Christian Gmeiner [mailto:christian.gmeiner@students.fhv.at] wrote:
Okay i think this project can be done by one student, because we can use the SDK for our work. We can take all API prototypes and build our own SDK based on the original SDK. We are only not allowed to share the original source files, but we are allowed to make them by our own by looking at orginal SDK. So if we dont do copy&paste, all should be okay.
I'm not exactly sure what the problem with ASIO is here. I have looked at it quite some time ago (not in relation to Wine actually but about providing an ASIO interface to the software environment we usually use) and it may have been updated/improved since but it seemed basically to consist of two things:
1) An example for an ASIO driver API that a hardware or other data source/sink provider needs to implement. 2) A simple and rather thin manager layer to load and access those drivers and as far as I could see are applications supposed to link that layer directly into their code.
As such both code parts are really examples of what API either an ASIO data source/sink would need to provide and what an ASIO application would need to use. Personally I think the example code for the driver manager layer to be sort of crude and minimalistic as it does not allow to open two or more interfaces at the same time, since it stores the driver DLL handle in an internal global variable.
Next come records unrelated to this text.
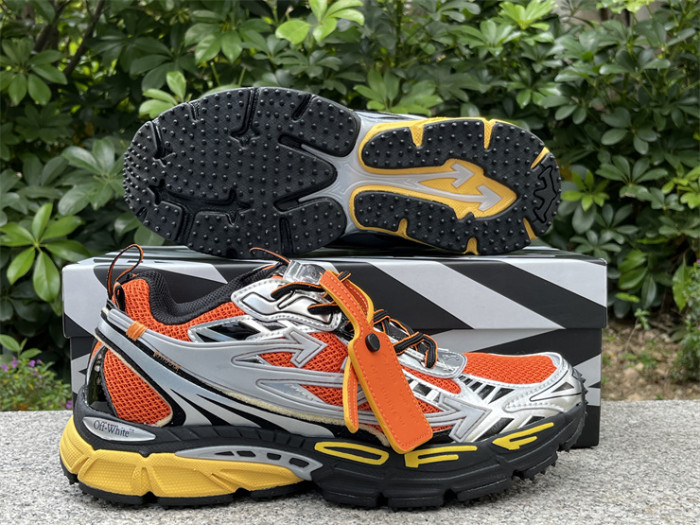 OFF white Men shoes 1：1 quality-452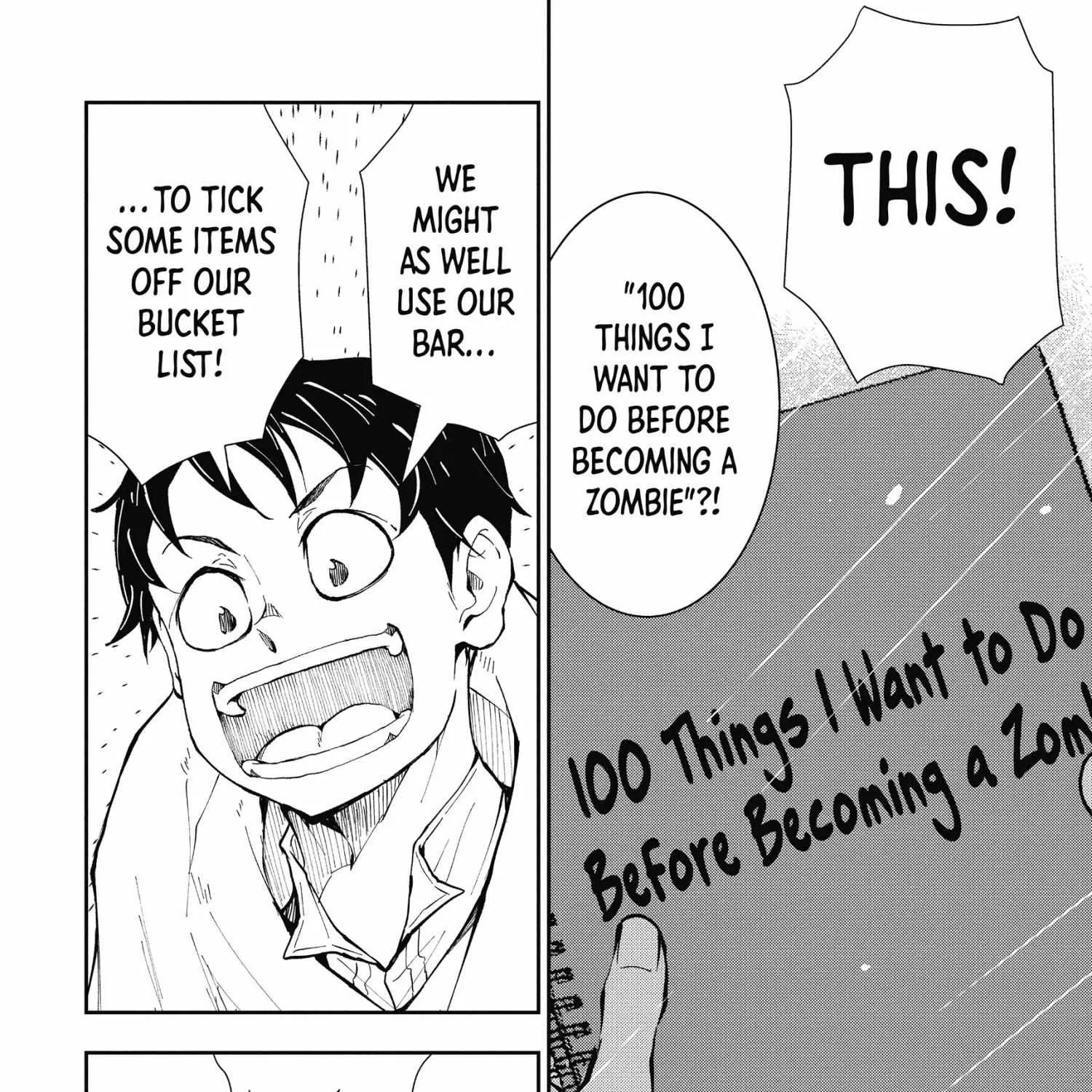 Zombie 100 ~Zombie ni Naru Made ni Shitai 100 no Koto~ Chapter 33 page 41 - 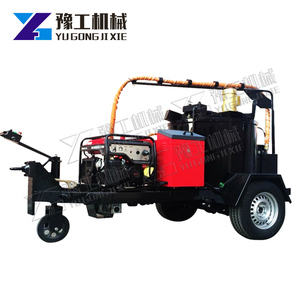 Reparación de pavimento Junta de grietas de hormigón <span class=keywords><strong>Seag</strong></span> Mobile Road Repair Hine construcción de carreteras inyección de grietas - Product Image 2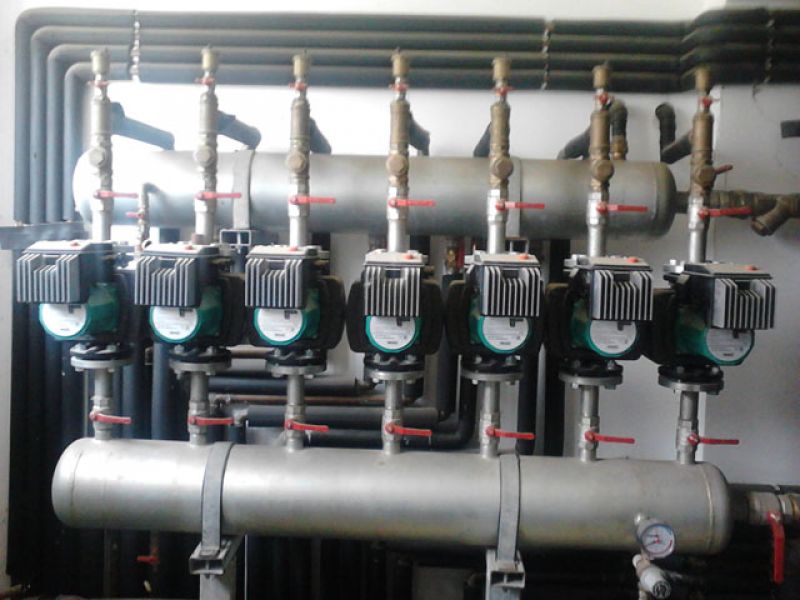 Instalatii termice � Instalator Bucuresti
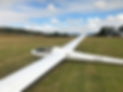 Boonah Gliding Club glider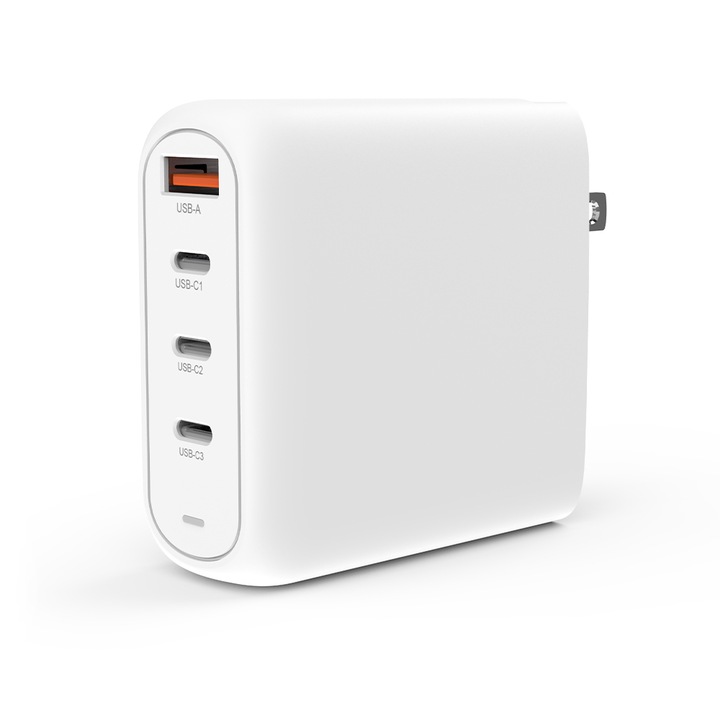 Incarcator Creative 100W GaN USB-C White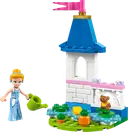 Cinderella's Mini Garden Castle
As to support for ASIO enabled applications in Wine I think it would boil down to write an ASIO driver that provides the entire ASIO API to applications and gets properly registered on one side and accesses whatever (professional) audio hardware is accessible through whatever native Linux API. Trying to get Windows ASIO drivers to load and work under Wine would not only require Windows kernel driver support in Wine but also transparent hardware access for those drivers through some mechanisme since the actual hardware driver needs that and that is one path Wine is not gonna head anytime soon.